# help wiring vandal led switch



## popswala (Nov 15, 2010)

I got one of those vandal led (black w/ white ring) switch to control my leds on my fans. The switch has the layout of +/- for leds and 3 tabs labeled nc/no/c. I can't figure out how to wirie it in. I'm coming from a led rocker switch that only has 3 tabs. 

I don't get how there explaining this. I connected wires in both ways but switch doesn't turn on nor do the fan leds turn on. 





left is common and right is push-down

Only searches I can find is on using these as reset switches.


----------



## popswala (Nov 16, 2010)

Well I seemed to have figured out half of what I'm trying to accomplish. I got the fan led's to turn on but not the switch. I don't have a pos+ wire going to the switch to power the led. I'll get to that. Just wanted to update this part. I may just run a separate wire to for that.

Going by the diagram. You connect neg- to neg-/ signal to NO1 / power to C1. I remind you that this config is coming from a led rocker switch so I mite have the signal and power line confused. I'll edit when I confirm which is actually which.


----------



## mlee49 (Nov 16, 2010)

Isn't common just relabeled ground? From the diagram you just connect the positive led(from your power supply) to left most pin and negative led(from your power supply) to the right most pin.

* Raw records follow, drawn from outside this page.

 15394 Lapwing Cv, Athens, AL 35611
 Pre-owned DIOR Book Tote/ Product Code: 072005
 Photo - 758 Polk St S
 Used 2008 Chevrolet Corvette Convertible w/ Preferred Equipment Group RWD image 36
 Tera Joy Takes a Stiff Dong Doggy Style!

There are alternate options for if you want the switch to turn on when it's flipped up or to turn on when it's flipped down.


----------



## popswala (Nov 16, 2010)

I'm not sure. Theres nothing on that. I configured my switch going by the one on right. I'm about to run a wire of pos to see if switch lights up. I did get the switch to power on my fan leds. Only thing is I noticed my moles is configured to run of the red 5v and not the yellow 12v. I'm not sure if I should try switching that. Would the 12v burn out my leds being to much power to them? There pretty bright off the 5v. i may just leave it. Food for thought I guess.

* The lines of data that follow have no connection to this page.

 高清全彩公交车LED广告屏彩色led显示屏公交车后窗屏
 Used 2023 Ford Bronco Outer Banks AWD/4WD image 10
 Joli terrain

The switch I'm using now is a push button bulgin style. I had a rocker in there before.


----------



## PVTCaboose1337 (Nov 16, 2010)

Are you using both switches?  I am a bit confused.  For one it would probably be:
 F

FAIL SEE BELOW


----------



## mlee49 (Nov 16, 2010)

Sorry, I thought you said it was a rocker style.  

Ok, so what led's do you have?  They should be rated at either 12V or 5V.


----------



## popswala (Nov 16, 2010)

I'm using a push button switch. The led power I'm not sure of. I got a bunch of tailed led's I modded onto my fan (in sig work log). I just ran a wire of led pos to a molex on psu and it turned on. I also just noticed my led's are wired onto the yellow 12v. I used a pass-thru molex on my leds. Now I have to switch the connectors over to something smaller to fit the tabs. The rocker had bigger tabs so I used the slide on connectors. I may just solder the wires on or I could pick up some smaller connectors tomorrow.

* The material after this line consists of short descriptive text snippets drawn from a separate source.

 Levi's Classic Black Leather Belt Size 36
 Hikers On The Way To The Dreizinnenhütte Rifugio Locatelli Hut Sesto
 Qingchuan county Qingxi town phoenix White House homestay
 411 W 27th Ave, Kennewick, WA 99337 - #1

I'm guessing the left connector is for running it as a push style while the right one is using it a push-down latching style. Not sure which way I want to go. I'm just happy at this point to have it working in any way.


----------



## PVTCaboose1337 (Nov 16, 2010)

I drew my diagram wrong.  Here ya go:


----------



## Namslas90 (Nov 16, 2010)

Switch label decoded
Power circuit(to power both switch circuits and the switch lamp)
+ is for Positive
- is negative
Switch circuit
C is Common (Neg) 
NC is Normally Closed(pos)
NO is Normally Open (pos)

For a normally open circuit connect NO to pos circuit and neg to Common.
For a normally closed circuit connect NC to pos circuit and neg to Common.

Normally Open is OFF
Normally Closed is ON


----------